We also spent one day in Sorrento which has great shopping. I had to buy an extra carry-on bag before flying home. Because we flew on Air France through CdG, we ran into a work slowdown as protest over pension reform which caused a tight connection time but no other problem. Thanks are due to many of you on the forum for helpful advice in planning this trip. Every day was special!

----------


## GramChop

wow!  your photos brought back so many great memories of my trip several years ago.

i enjoyed a very long (and very expensive) lunch just above the blue grotto.  no boats were going in as the swells were very high that day.  our waiter said it was a good thing because sometimes, depending on the way the wind blew, you could hear many versions of 'o solo mio' wafting up from down below.

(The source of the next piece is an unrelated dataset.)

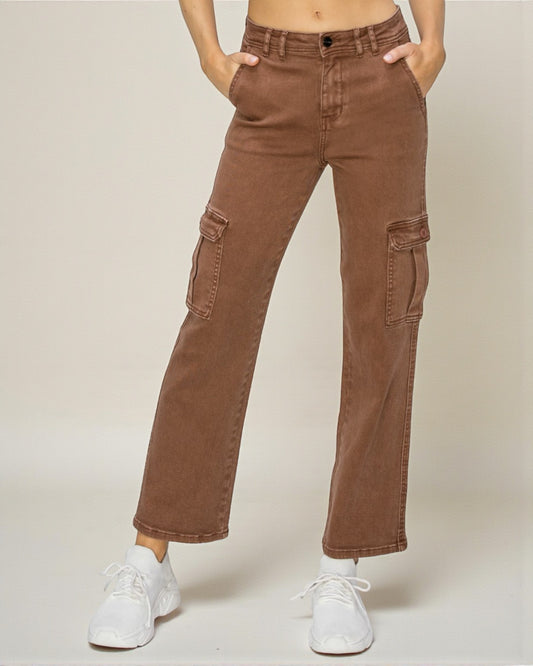Brown cargo pants worn by a person on a beige background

thank you for sharing this photos with us!  your trip had to have been simply magical!!!

----------


## amyb

Josh it has been an absolute pleasure traveling with you. Your pictures took us right along the streets and paths you yourself roamed-grazie,  grazie mille.

----------


## MIke R

great stuff...I love Capri so much...I will never forget walking across the piazza in Capri and coming towards me is a guy with one of my P Town Cafe T shirts on....blew my mind


when the time is right, and Wendi and I do the I will show you my Italy and you show me your France trip.....much of what you posted will be in my "tour"

----------


## JoshA

Thanks, Amy, GC ... and Mike, I'd love to see your Italy someday.

----------


## Petri

> I will show you my Italy



That sounds so like you're member of the mafia  :Big Grin:

----------


## carolgreen145

no differently than some New Yorkers would react to a hard core Mississippi accent

----------